Governo garante repasse de R$ 6,4 mi no cofinanciamento do Feas

Publicado

A Secretaria de Estado de Assistência Social e Cidadania (Setasc) fará o repasse do cofinanciamento do Fundo Estadual da Assistência Social (FEAS) para os municípios mato-grossenses a partir do mês de abril. O anúncio foi feito pela titular da pasta, Rosamaria Carvalho, na tarde de ontem (13), durante posse da Associação para Desenvolvimento Social dos Municípios de Mato Grosso (APDM-MT).
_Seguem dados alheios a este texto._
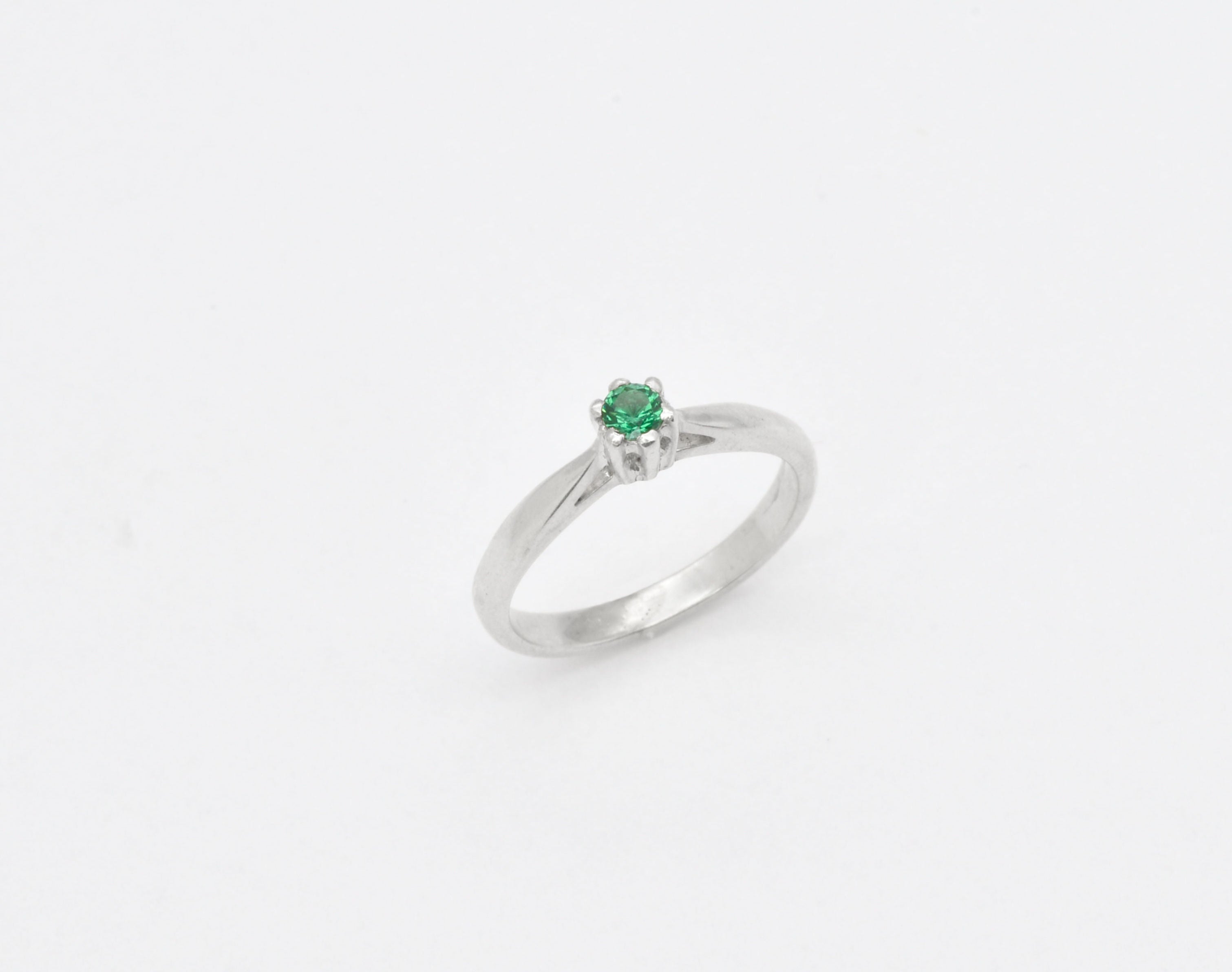 Created Emerald Ring made in 925 Sterling Silver with Round Created Green Emerald in Solitaire setting, May Birthstone gift idea, symbolizes, ideal for everyday wear and perfect for birthday gifting and special occasions.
O valor é a contrapartida do Estado para a rede do Sistema Único de Assistência Social (SUAS) e estava em atraso há um ano. Devido o decreto de calamidade financeira de Mato Grosso, a Setasc fará o pagamento de forma parcelada. O total de R$ 6,4 milhões será dividido em oito parcelas, começando em abril e finalizando no mês de dezembro.

A titular da Setasc, Rosamaria Carvalho, reforça que este valor está previsto desde 2004, por meio da Política Nacional de Assistência Social, que estabeleceu obrigações a cada ente federativo. “Ao Estado compete cofinanciar os serviços, ações, programas e projetos que se desenvolvem dentro da Assistência Social de cada cidade”, define.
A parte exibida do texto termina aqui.